Met Matthias is hij nog steeds bevriend. „Ik merk dat de mensen om mij heen over het algemeen heel liefdevol zijn, ook als ze op basis van hun geloof homoseksualiteit afkeuren.” Wel hoorde hij een tijdje geleden dat iemand niet meer met hem wil samenwerken binnen de jeugdgroep.

Hidde is nog steeds gelovig en zijn band met God is steviger geworden. De deuk in zijn geloof is weg.

Zich weer aansluiten bij de kerk waar hij bandleider was, heeft hij nooit overwogen. Voor lidmaatschap van een nieuwe kerk stond hij open, maar „dicht bij huis zijn niet echt kerken te vinden waar ik onvoorwaardelijk welkom ben”. In plaats daarvan werden de jeugdgroepen, waar hij ook regelmatig de band leidt, een soort kerk voor hem. Ook bezoekt hij af en toe diensten van een relatief progressieve evangelische gemeente iets verder weg. „Een wat grotere kerk, waar iedereen welkom is. Ik voel me daar altijd thuis.”

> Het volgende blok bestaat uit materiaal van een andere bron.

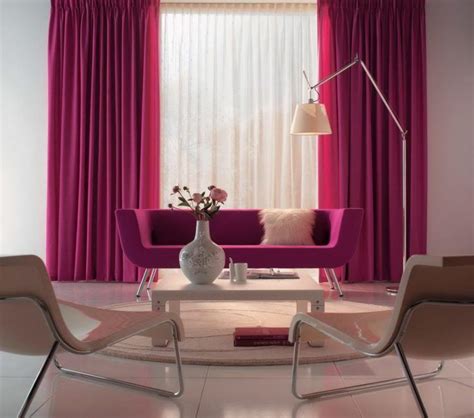 10 Curtain Ideas For An Elegant Living Room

Nu Hidde rust in zijn geloof heeft gevonden, zich omringd weet door mensen door wie hij zich geaccepteerd voelt en ook al een paar jaar leeft zonder depressies, ontstaat er meer ruimte in zijn hoofd voor een relatie. „Ik word ook ouder.” Maar verhuizen naar een grote stad, een plek waar meer mensen openlijk gay zijn, is voor hem geen optie. Zijn omgeving kan dan beknellend zijn, het is óók zijn thuis. „Ik wil me ook niet laten wegjagen.”